Debimos aprovechar la bonanza para industrializarnos y en cambio nos echamos a dormir. Y camarón que se duerme, amanece en cazuela.

Mientras el Presidente de la ANDI vaga por los campos que fueron de golf en La Habana, y hoy son los barrios reservados para deleite de la nomenklatura y descreste de los visitantes, sus afiliados han recibido las peores noticias de muchos años. Para hacer corto el cuento, la producción industrial no tuvo crecimiento en el 2.012.

Dirá algún desprevenido que los industriales pueden quedarse donde están sin que les pase mucho. Habrá que sacarlos de esa ilusión. Para la industria no existe el punto muerto. La industria produce más y mejor o se liquida. El estancamiento no existe, ni puede existir. La industria tiene que incorporar todos los días tecnologías y equipamientos nuevos, o la sacan del mercado. Porque el proceso productivo es fatalmente dinámico y solo se agotaría cuando todas las necesidades estuvieran satisfechas y cuando los precios hubiesen llegado a un punto inamovible. Y ambas cosas son imposibles. Lo que nos asombra hoy, mañana desaparece por vetusto. Y lo que parece el punto de llegada es apenas un nuevo punto de partida.

Estamos a distancias infinitas de la capacidad de aquietarnos. Nuevas masas de población acceden, o quieren acceder, a las ofertas de la modernidad. Y la ciencia, con sus descubrimientos asombrosos, abre la senda para formas distintas de manejar la salud, los alimentos, la energía, la capacidad de comunicación y de investigación.

Si dedicamos tantas líneas a lo que por  obvio pudiera omitirse, es solo porque la opinión no le ha dado importancia a lo que nos pasa.

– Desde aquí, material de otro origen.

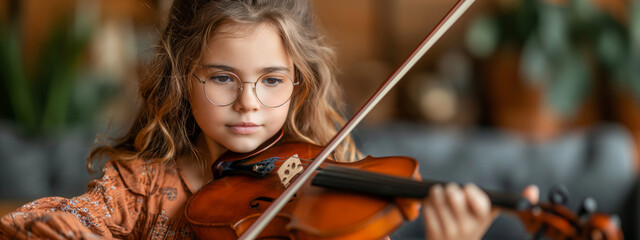 cute girl with round glasses learning to play the violin - 761625708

Por decenios, y gracias a las recetas cepalinas, mantuvimos una industria mediocre, que mal o bien sacaba sus productos a un mercado cautivo, cerrado, protegido. Y nos hemos acostumbrado a la idea de que las cosas pudieran seguir del mismo modo. Pues definitivamente, no. La industria mediocre produce poco, caro y de mala calidad. Y el que produce así se quiebra. Porque ya no es posible condenar a nadie a la insularidad, lo que nos arroja a la mitad de un mundo esencialmente competitivo. Uno no puede celebrar un TLC con Corea y olvidar que ese país está a la cabeza de la tecnología en maquinaria pesada, equipos de comunicación y transporte, electrodomésticos, elementos de construcción. Abrirle nuestros mercados es desafiarla a que nos invada, con la ilusión de que podremos invadirla con nuestra oferta.

¿Oferta de qué, nos preguntamos? Si la industria no crece es porque ni siquiera puede abastecer nuestros elementales mercados. Lo que significa que andaremos en carros coreanos, veremos televisión en aparatos coreanos, cocinaremos con aparatos coreanos, en una palabra, viviremos en coreano. Nuestra estancada industria, así examinada, no tiene más horizonte que las fórmulas que se aplican en la Superintendencia de Sociedades para los quebrados.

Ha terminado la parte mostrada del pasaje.